Hamas War

Thursday, April 28, 2005

#115 More Playing With Words and Letters

Musings #115
April 25, 2005
16th of Nissan

More Playing With Words and Letters

My mind never ceases to host dancing Hebrew letters, busy changing partners. In addition, people write to me asking questions, stimulating my mind even more.

Suddenly I realized that I had left out an important, possibly the most important variation of the word, “chametz.” Remember that the word “chametz” is made up of the letters, “chet,” “mem” and “tzaddi” in that order, and one must banish it from one’s possession during the Passover holiday. But if you reverse the order of the letters, you have the word “tzemach,” plant. The verb, “l’tzmo’ach,” means to grow, expand.

There are no coincidences in Hebrew; there must be a reason for this. Judaism is the one religion that recognizes all of man’s physical and spiritual needs and contains a series of Laws to control these needs to utilize them for good. Chametz is powerful; it can both destroy and create, like G-d. When we rid ourselves of the chametz, desist from playing G-d, we can enjoy the benefits of the tzemach, the growing, expansion, progress.

The next word I’ll be playing with was inspired by a shiur (Torah class) this past Shabbat HaGadol by Rabbi Reuven Grodner of Kfar Adumim. He and his wife Chaya were here in Shiloh and he gave a very stimulating class. What I’m writing is not a transcript of what he said, though there are many things I learned from him that day. He had my mind spinning with ideas. If it hadn’t been Shabbat, I’d have been taking notes non stop, and then I would have run home to the computer to write it all down before the glorious messages and ideas were forgotten. But, as we all know, not only was it Shabbat, but it was also the Eve of Passover.

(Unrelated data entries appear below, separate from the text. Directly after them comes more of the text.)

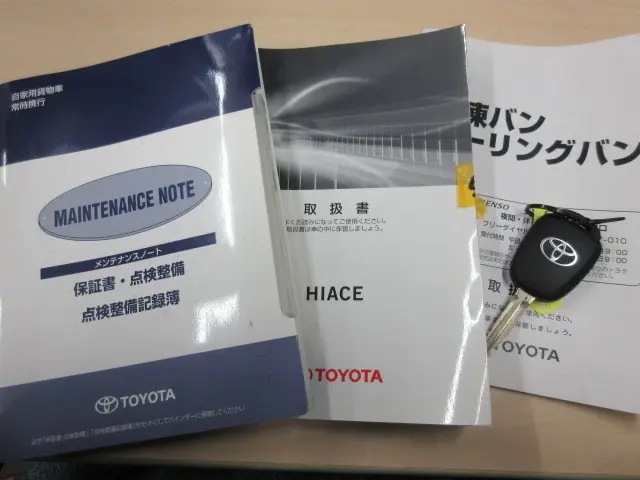 トヨタ ハイエースバン QDF-GDH201V(2WD)の写真6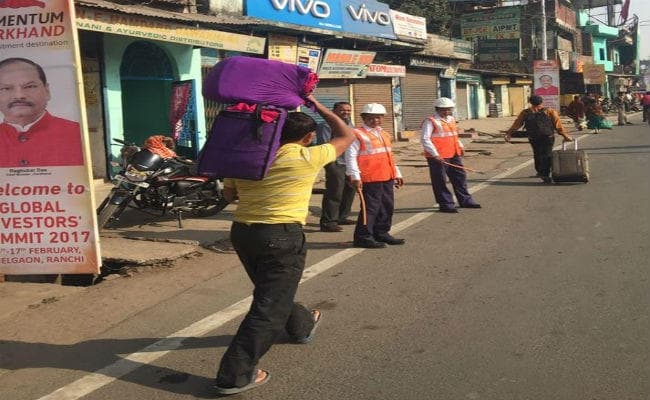 ग्लोबल इनवेस्टर्स समिट : बिना परमिट की गाड़ियों के ना चलने से आम आदमी परेशान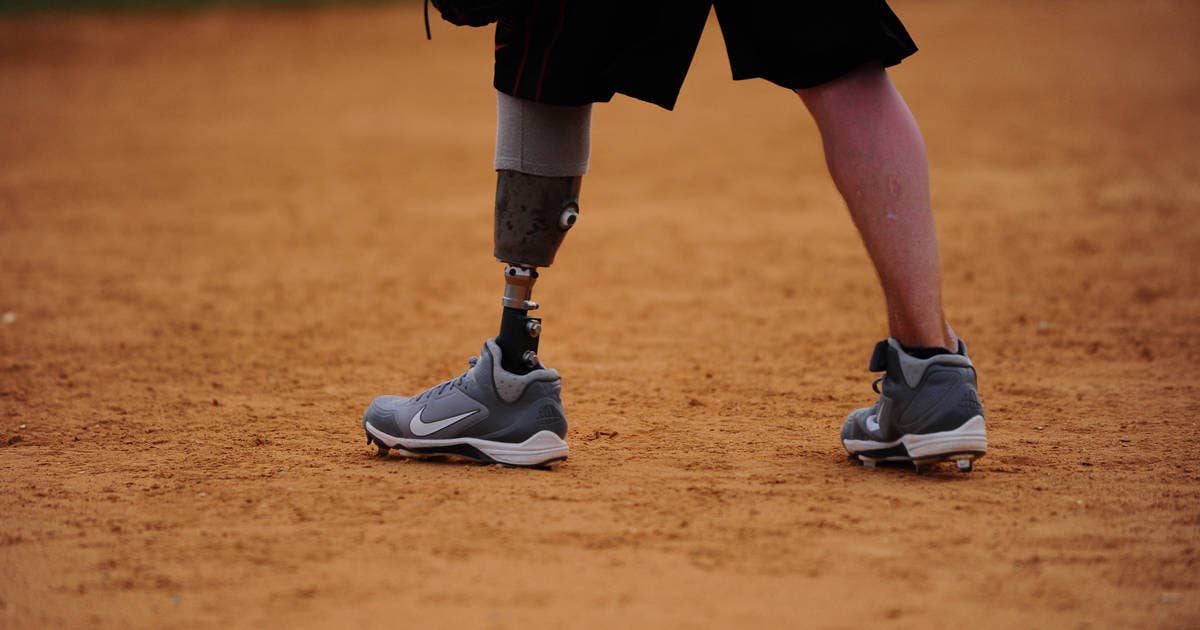Wounded veterans helped amputee victims of the Boston Marathon bombing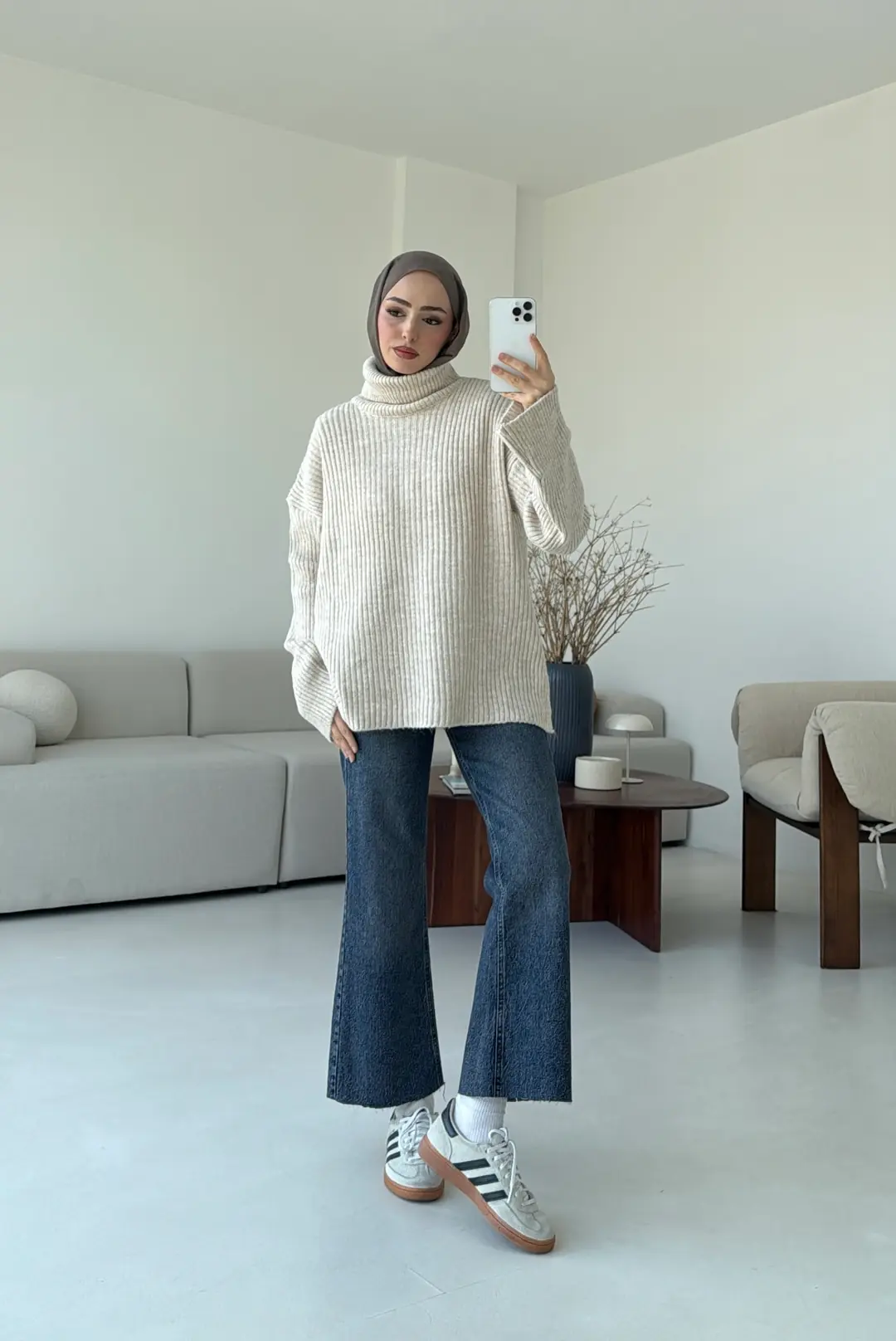 Yırtmaç Detay Flare Triko Kazak Bej - Görsel 4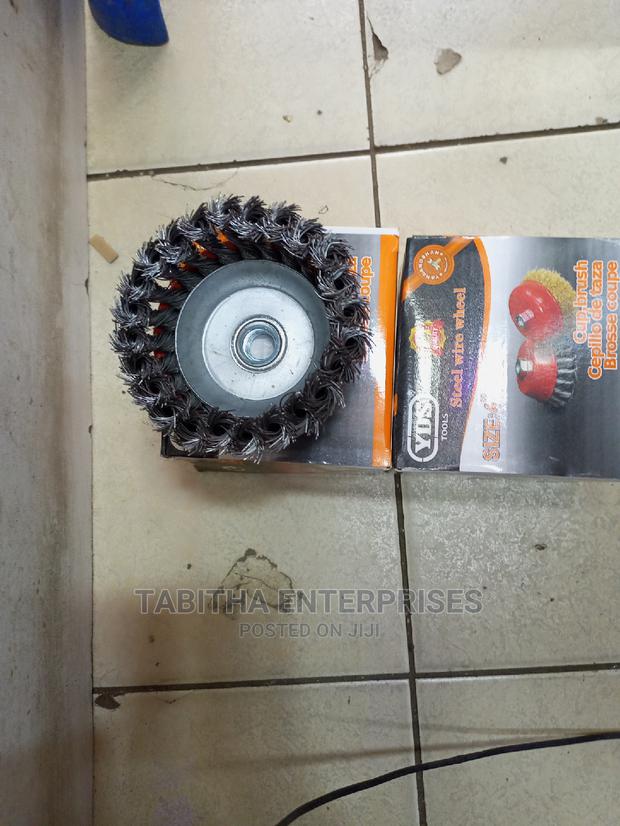 Cup Brush Wire - main view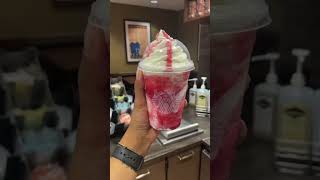 STARBUCKS STRAWBERRY CHEESECAKE FRAPPUCCINO #starbucks #frappuccino #cheesecake #barista #shorts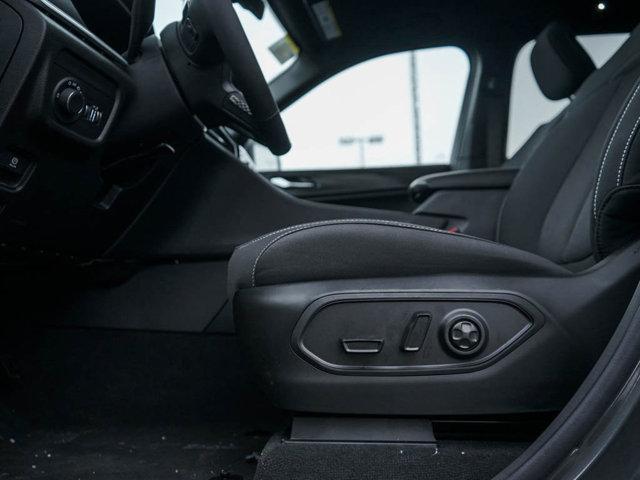 new 2025 Jeep Grand Cherokee car, priced at $38,495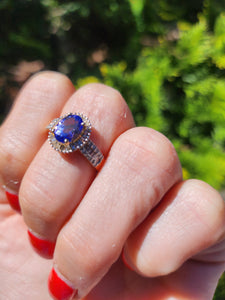 1749: Vintage: 9ct Gold Violet Blue Tanzanite Diamonds Dress Ring- sparkling eye candy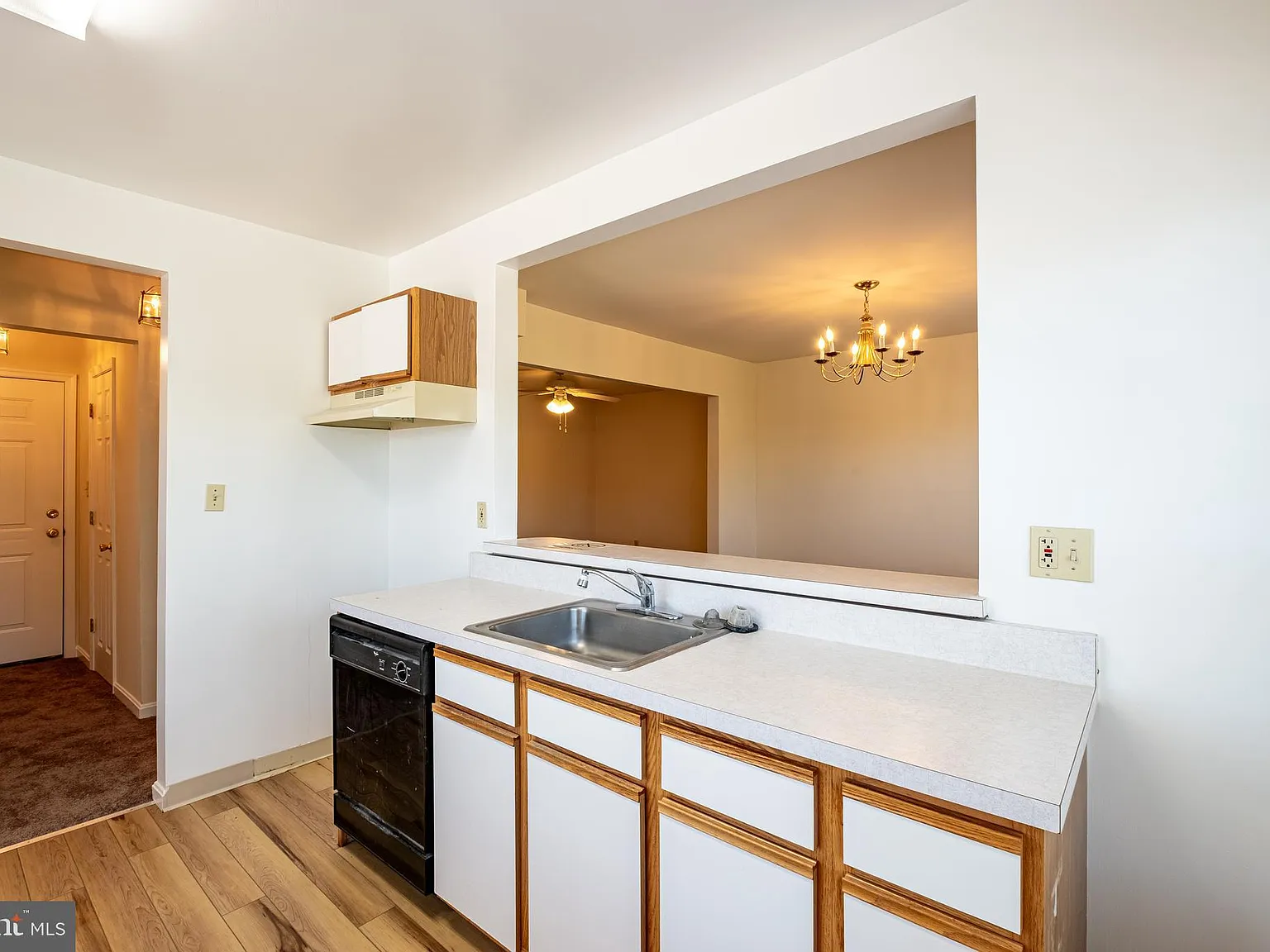 2 bed, 1.5 bath, 4700 sqft, $1,995 — Photo 3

Saturday night, once the sky filled with stars, I couldn’t run to the computer. I had to set the table for the Passover Seder. And then until well after midnight we were busy with the tradional reading of the Hagadah and eating the ritual foods and the festive meal. The next night, once the holiday restrictions were eased there was so much else to do, and now so little of what I learned and thought is remembered in accessible places of my mind.

One word keeps playing in my brain, as it played while Reuven spoke. It’s “Pharoh,” “Parroh,” as we say in Hebrew. “Peh,” “resh,” “eyin,” “heh.” “Pri,” “ra,” bad or evil fruit. “Ra” means “ratzon atzmi,” or ego, selfishness. “Avodim hayinu l’parroh b’Mitzrayim,…” “We were slaves to Pharoh in Egypt,…”

Maybe I’m the only one, but every once in a while I’ve wondered why Yaakov and clan stayed in Egypt. Why didn’t they leave as soon as the famine was over? Why did they make that deal with Parroh for the land, the riches? Look again at that very well-known line in the Haggadah, and read “Parroh” as its meaning. “We were slaves to the evil fruits, the addicting riches and materialism in Egypt.”

When we read it like that, everything becomes clear. Their sometimes irrational behavior even after seeing those great miracles include worshipping the Egyptian cow and dreaming of the “Egyptian delicacies.” The Children of Israel weren’t happy to have left. Many blamed Moshe for making a difficult situation worse.

I’m reminded of the Holocaust survivors who, despite all they suffered at the hands of the Germans still considered the German culture superior to all others. Even when their daily lives became more and more difficult, the majority made no serious attempt to leave. And they didn’t rebel in sufficient numbers to be successful.

Human nature hasn’t changed, or has it?